A Christmas Story (1983) seems to have a secure place as a "holiday classic" these days, and is the most recently-made addition to the Holiday Classic Movie Pantheon. Maybe Elf (which I still haven't watched because of my contempt for Will Ferrell, even though it has the godlike Bob Nehwart in it) or one of those Tim Allen holiday movies or even the creepy "they have no souls!" animation of The Polar Express will get there someday, who knows?
(By the way, that's assuming that The Nightmare Before Christmas - one of only two Tim Burton films that are great all the way through - and Bad Santa will remain more "cult Christmas" than "TNT 24/7 Christmas Day repeat marathon" in their level of mainstream acceptability. We're talking society's picks when I'm talking "pantheon," not my personal choices.)
I used to dislike A Christmas Story. It didn't strike me as funny the first few times I encountered it in the '80s. My aunt and uncle adored it, I think in large part because its near-perfect recreation of the 1940s reminded them a lot of their own childhoods in the 1950s. But other than the Leg Lamp (and yes, I know there are A Christmas Story-branded Leg Lamps now - we just don't have a place for one!) and how the "you're gonna shoot your eye out!" thing ends up, it was pretty laugh-free for me at the time.
Nowadays, while I don't think I'll ever list A Christmas Story as a favorite, the repeat viewings have had their effect, and the movie's grown on me. I certainly laugh more at it now than I used to, but the thing I appreciate most about the movie is its attention to 1940s period detail.

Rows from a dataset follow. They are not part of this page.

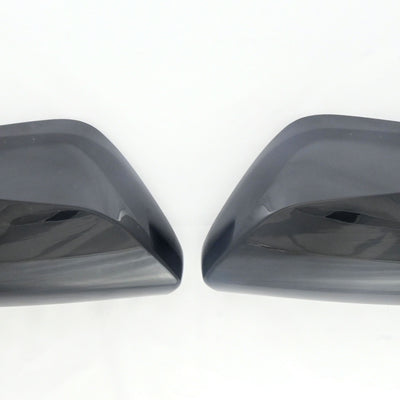 MC6317BLK 17-21 Toyota Prius, 19-21 Toyota Camry 2 PCS No Turn Signal Top Gloss Black Replacement Mirror Cover Chrome Delete Kit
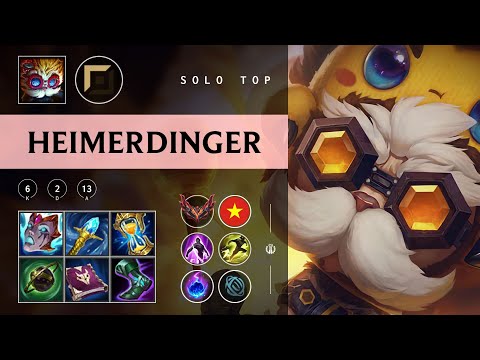 Heimerdinger Top vs Mordekaiser - VN Grandmaster Patch 25.22
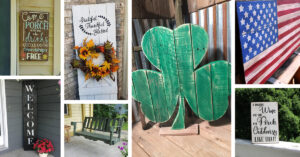 Pallet and Reclaimed Wood Porch Decorations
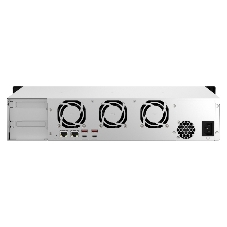 Сетевое хранилище SMB QNAP TS-873AeU-4G NAS 8x3.5/2.5 SATA/SSD trays, 2 x M2 PCIe, 2x 2.5 GbE, 2U rackmount, 1 PSU. AMD Ryzen V1500B 4-core/8-thread 2.2 GHz processor, 4 Gb DDR4 RAM (1*4 Gb) up to 64Gb (2*32 Gb). W/o rail kit RAIL-B02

However, there is absolutely one thing about A Christmas Story that, every time it comes into the frame, takes me right out of the story:
The mom's hair.
I mean, look at this!
Ladies and gentlemen, that's not 1940s hair. That's a vintage 1983 poodle 'do from Hair Affair at the Mercer Mall. Could no one on this film convince Melinda Dillon (the actress playing the mom) to succumb to a period hairstyle? If she was so attached to that crazy frizzy thing (which I hate hate hated on women 'n' girls at the time, much less now), couldn't she have put on a wig? And unless I missed the Melinda Dillon Ascendancy of the early '80s, she wasn't a big enough star, then or ever, to have demanded "no one touches my hair!" and gotten away with it. Maybe she was boffing the director, I dunno.
Hairstyles are usually the downfall of period pieces. Of course, there are plenty of other clues to when a period piece was filmed, most often in the cinematography / lighting / color processing, but usually it's someone running around 33 CE Rome or King Arthur's court or Studio 54 c. 1977 with Anachronism Hair, like they just pulled them off the street, threw chainmail or a leisure suit on them, and called it a day.
So yeah, every time Ralphie's Mom is in the frame, it totally undoes the decor, the sweaters, Darren McGavin's irascible Dad (surely an ancestor of That '70s Show's Red Foreman), and hours and hours of painstaking research, set decoration, and costuming, all because that woman had to keep her damn poodle hair.
I usually am a purist when it comes to being against ex post facto alterations of movies and TV shows. No colorization, no Apocalypse Now Redux bloating , no George Lucas-style reedits. But if I could, I would digitally alter this film to put an actual 1940s hairstyle on this woman.
By the way, in Googling up the photo for this piece, I discovered that many, many men developed pre-adolescent crushes on Ralphie's Mom, and still think she's totally MILFy. Who knew? For me, the hair by itself trumps any other virtues of Melinda Dillon's, at least in this film. But then again, I was 16 when this movie came out, so I was spending my time pining over very real girls at school rather than getting dewy-eyed over Ralphie's Mom. Plus my own pre-adolescent crush on a TV or movie mom was Elizabeth Montgomery, and what poodle-haired latecomer could compete with that?